Action item — Everything from the line holding "parisluv100 onlyfans leaked picture 1" through the end of the records should be printed exactly, apart from the pictures.

Given data —
++++++++
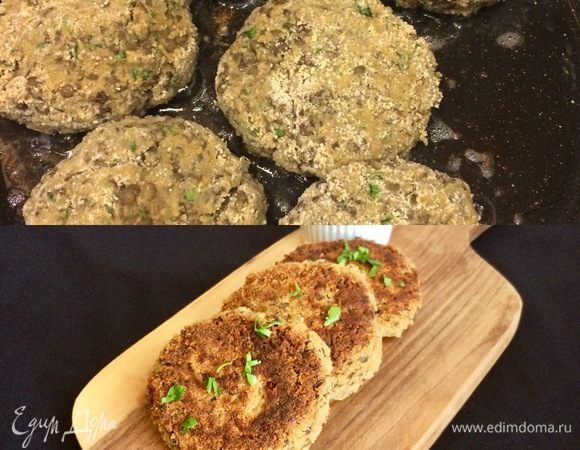 Затем достать котлеты и обжарить с обеих сторон до готовности.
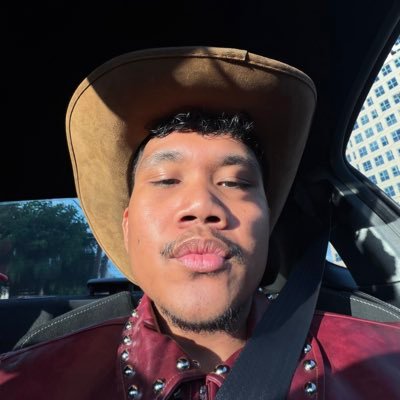 _chachiii's profile picture. hawai’i is home 💚 i like raves n r&b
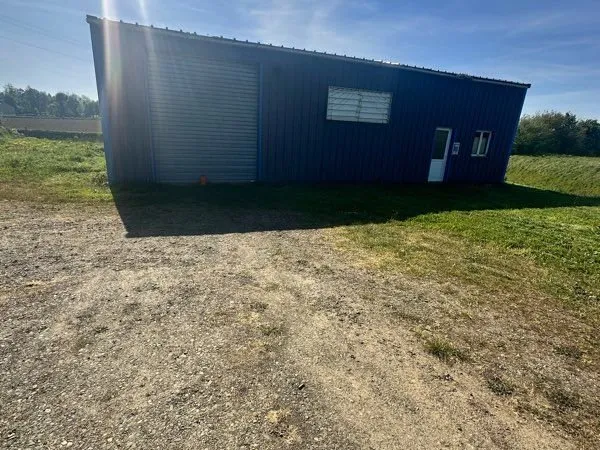 Hangar 200m2
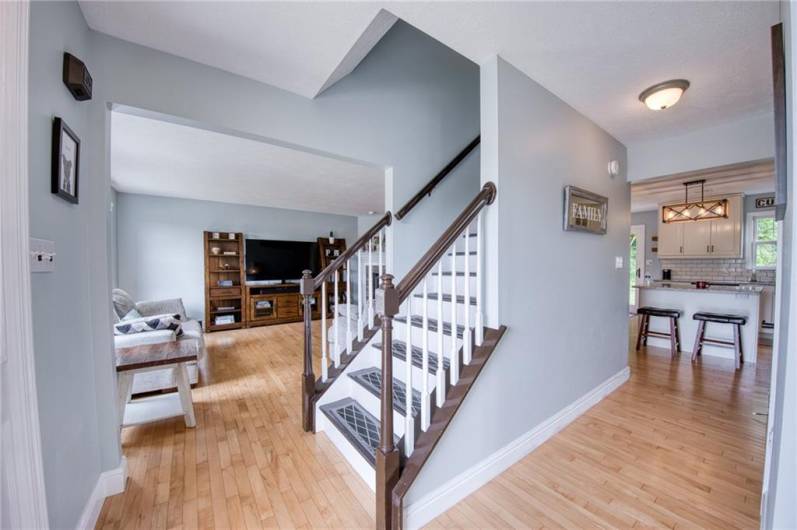 Step inside 815 Graywyck!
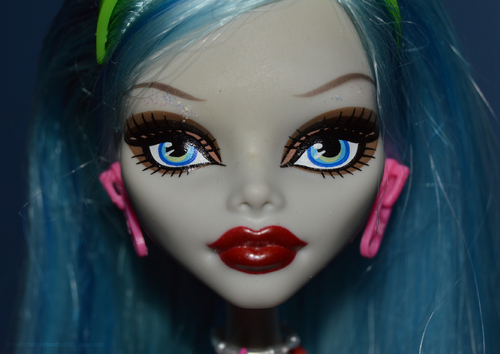Ghoulia Yelps 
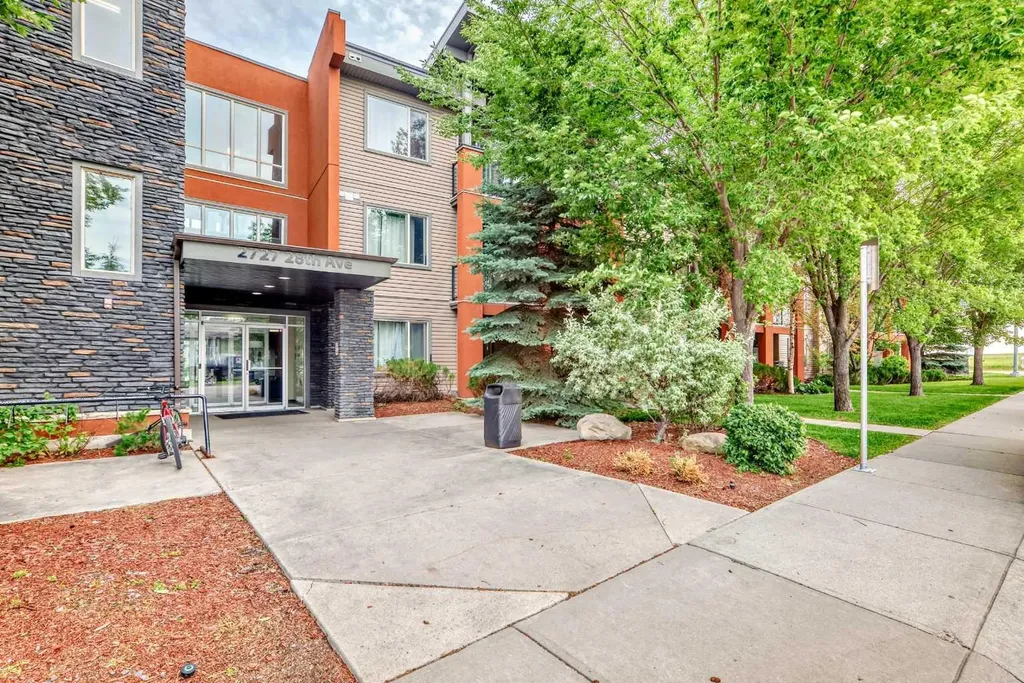 2727 28 Avenue SE Calgary AB T2B 0L4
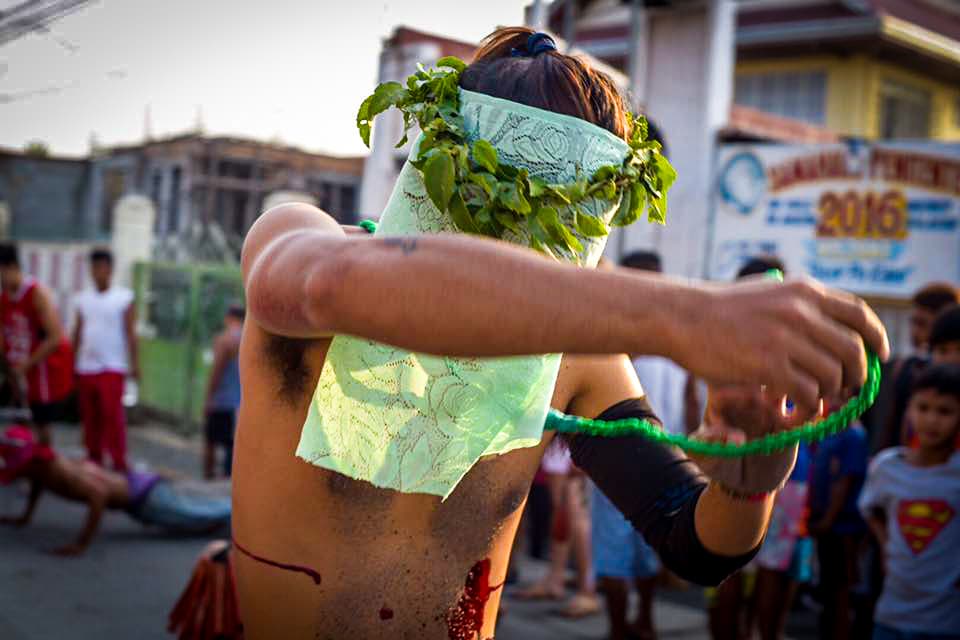 Filipinos participan en una sangrienta celebración de Viernes Santo donde se dan latigazos en sus espaldas y cargan la cruz por largos pasares para darle gracias a Dios.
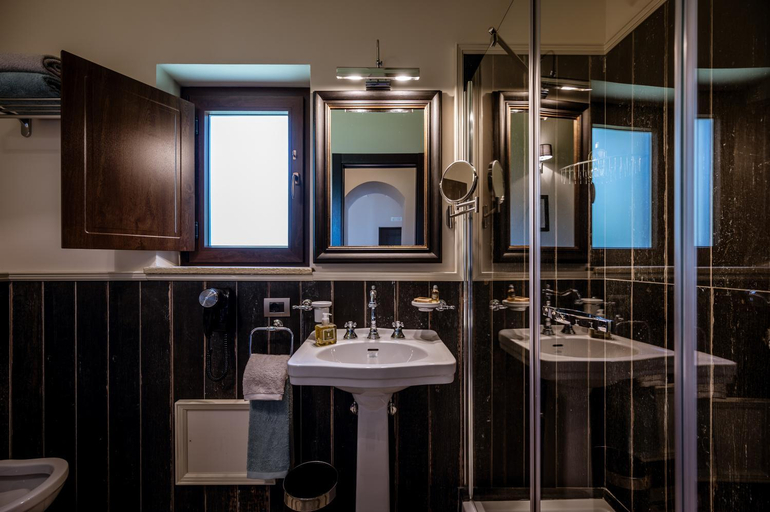 Bathroom 4, Donna Carolina Luxury rooms, Palermo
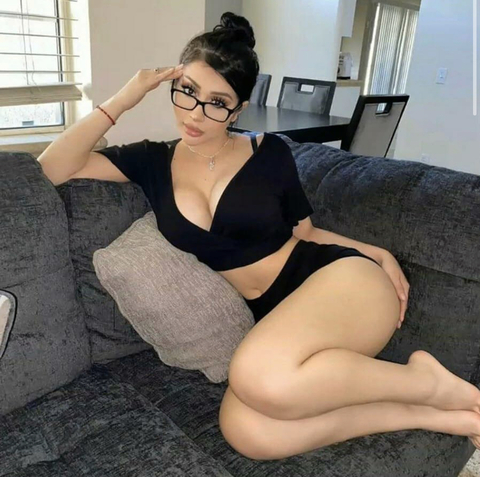 parisluv100 onlyfans leaked picture 1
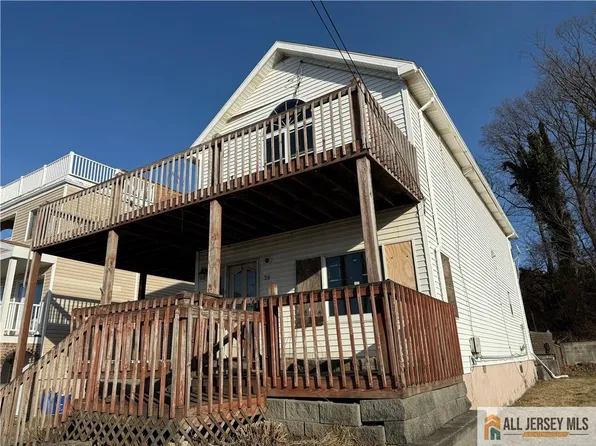 36 Cliffwood Way, Laurence Harbor, NJ 08879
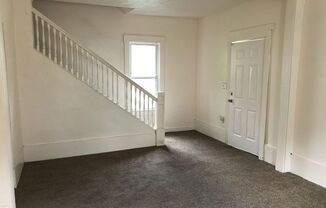 3 BED 1 BATH SINGLE FAMILY IN THE SOUTH BROADWAY NEIGHBORHOOD!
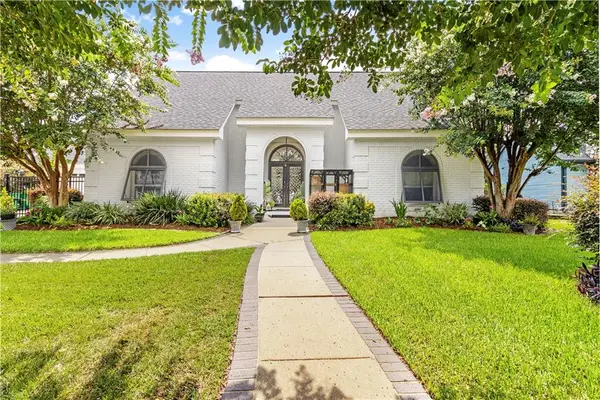 3600 Lake Catherine Drive, Harvey, LA 70058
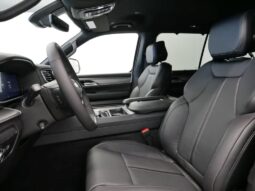 
 Jeep Wagoneer full									
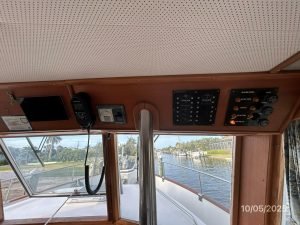 navigation station, Grand Banks 42 Classic, trawler for sale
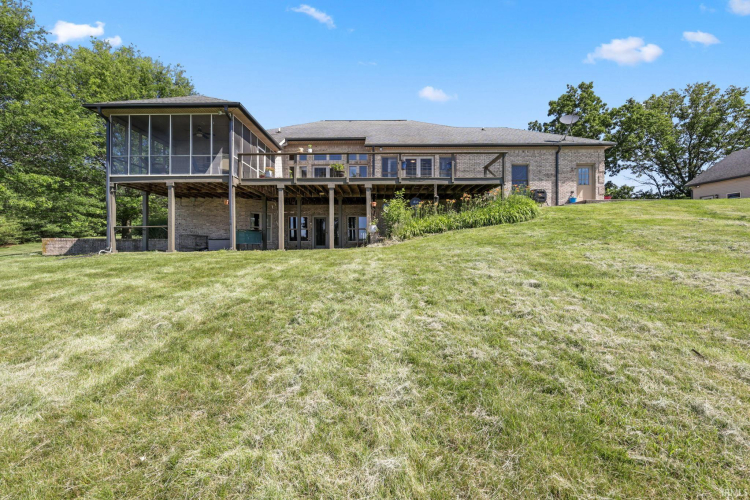 Listing Image 43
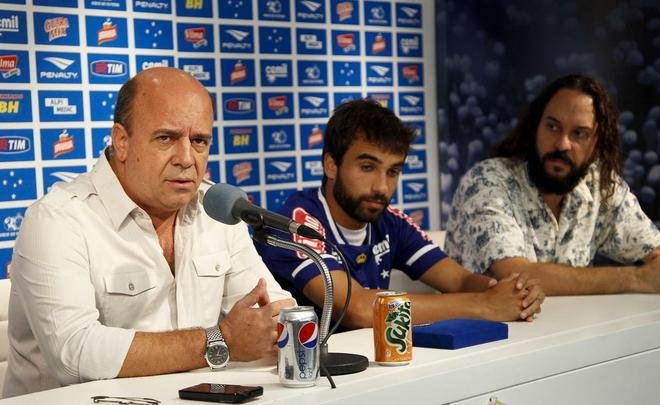 Gerente Valdir Barbosa e agente Gabriel o Pensador apresentaram meia Gabriel Xavier na Toca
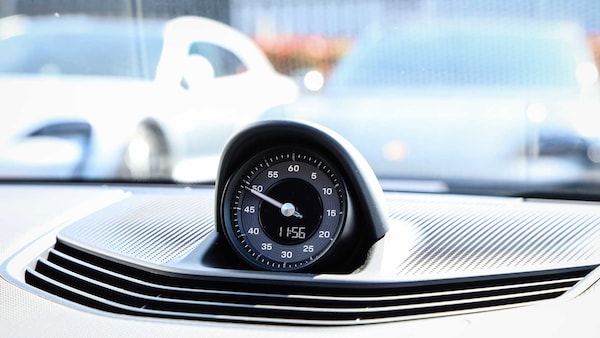 Used Porsche Taycan 2024 for sale - 75217779: Photo 25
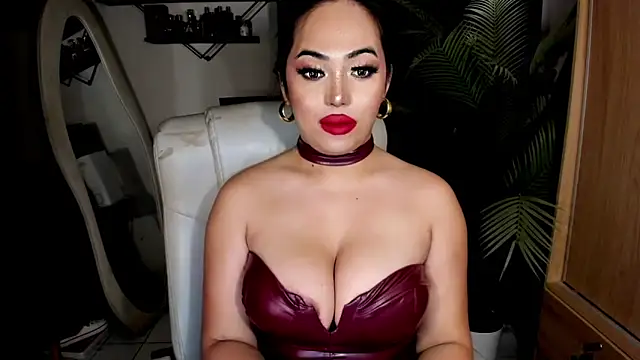 BigDominaMia's Live XXX Chat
++++++++
Task result —
 parisluv100 onlyfans leaked picture 1
 36 Cliffwood Way, Laurence Harbor, NJ 08879
 3 BED 1 BATH SINGLE FAMILY IN THE SOUTH BROADWAY NEIGHBORHOOD!
 3600 Lake Catherine Drive, Harvey, LA 70058
 Jeep Wagoneer full									
 navigation station, Grand Banks 42 Classic, trawler for sale
 Listing Image 43
 Gerente Valdir Barbosa e agente Gabriel o Pensador apresentaram meia Gabriel Xavier na Toca
 Used Porsche Taycan 2024 for sale - 75217779: Photo 25
 BigDominaMia's Live XXX Chat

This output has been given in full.